3.15 miles
downtown loop
64 degrees
Ran the downtown loop with STA while FWA was at his first in-person lesson at MacPhail since March of 2020. Downtown loop = stone arch bridge + st anthony main + nicollet island + boom island + plymouth bridge + west river parkway. A great afternoon for running, not too hot. We checked out the new park and the indigenous restaurant opening next month. Nice!

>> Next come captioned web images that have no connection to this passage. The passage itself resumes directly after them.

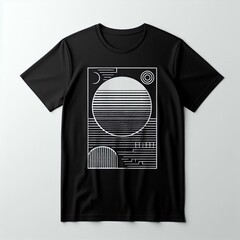Abstract Geometric T-shirt Design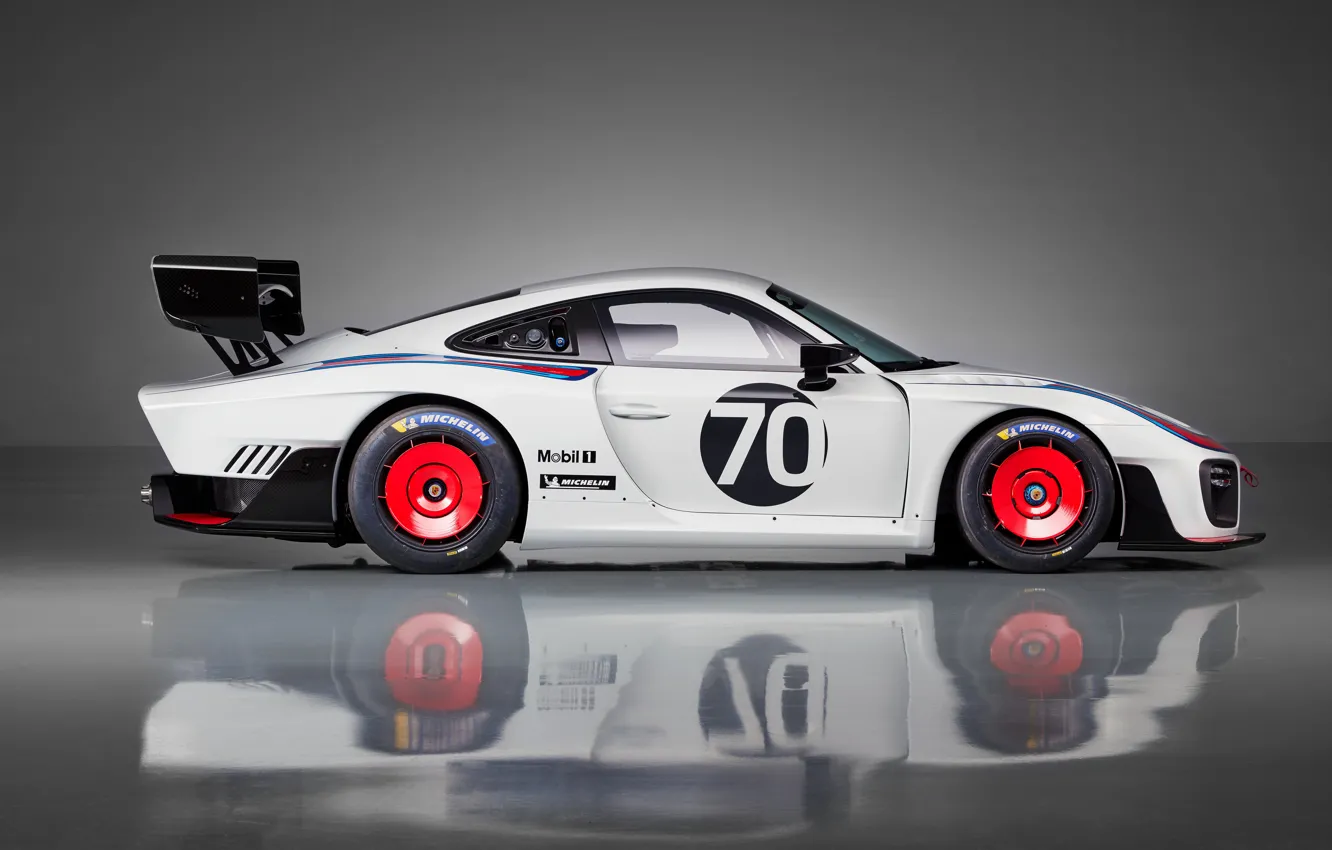 Фото обои Porsche, профиль, 2018, 935, юбилейная спецсерия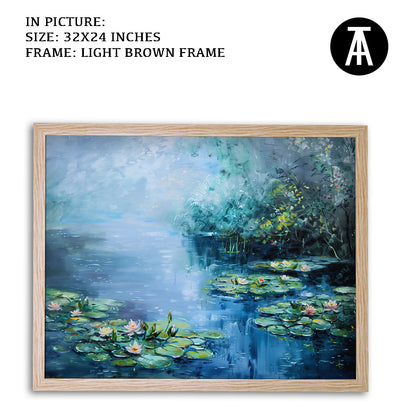 Artwork in Dark Brown Frame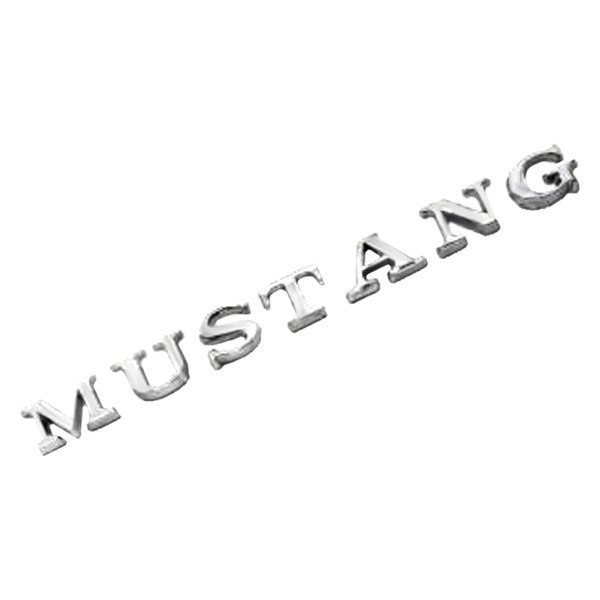 Goodmark® - "Mustang" Fender/Trunk Lid Lettering Kit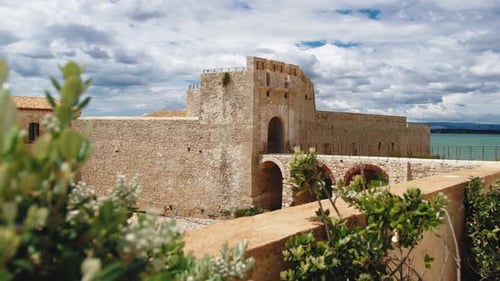 Maniace Castle of Ortigia Island Siracusa Sicily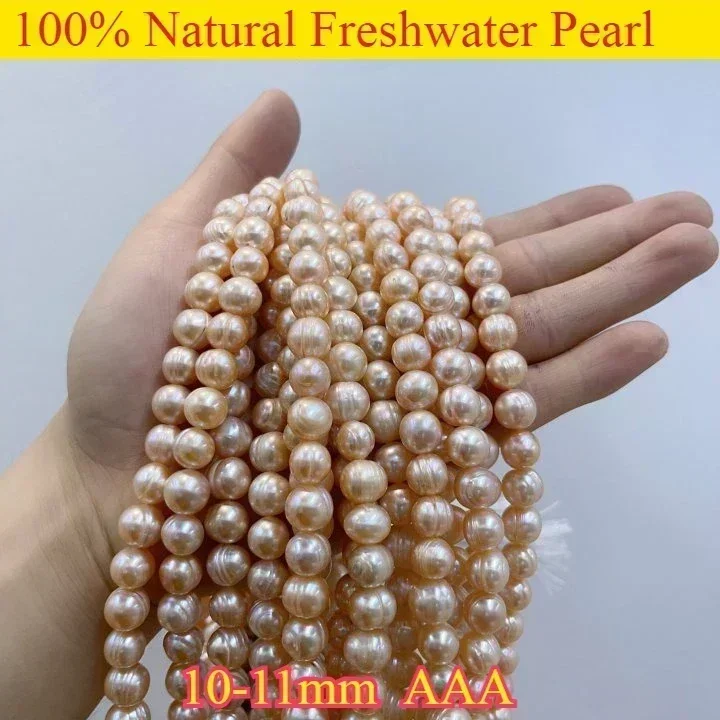10-11mm AAA Natural White Purple Orange Freshwater Silky Smooth Pearl Round Bead Jewelry Make DIY Necklace Bracelet Accessories
10-11mm AAA Natural White Purple Orange Freshwater Silky Smooth Pearl Round Bead Jewelry Make DIY Necklace Bracelet Accessories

All morning, I was putting together a rough timeline of the history of the area, starting 12000 years ago when the glacial Lake Agassiz spilled over its edge and traveled through the River Warren all the way to St. Paul. For some time, I have been confused about conflicting dates I encountered–was the gorge formed 12000 or 10000 years ago. Today I learned more: 12000 years ago the River Warren eroded the softer sandstone under the limestone near downtown St. Paul which created the massive—apparently bigger than Niagra Falls–Warren Falls. For almost 2000 years the falls slowly traveled up the Mississippi River to the confluence (where the Minnesota and Mississippi Rivers converge, near Ft. Snelling). Then it split into 2 waterfalls, one followed the Minnesota River then fizzled after entering an existing river bed, the other followed the Mississippi River and slowly carved out the gorge, traveling 4 feet every year until things become more precarious and erosion accelerated–about 100 feet a year in the 1860s, right before the falls had to be shored up with a concrete apron in 1870. So, I guess you could say the gorge began forming 12000 years ago when the Warren Falls started it’s slow march from St. Paul, or you could say 10000 years ago when the falls reached Ft. Snelling and moved upstream to Minneapolis.
We ran by some of the entries in my timeline, like the Hennepin Avenue bridge–the first bridge to span the river, built by Franklin Steele in 1855 and replaced 3 times, or the Stone Arch Bridge, built by James J. Hill in 1885, or St. Anthony Main which is older than Minneapolis but became a part of it in 1872.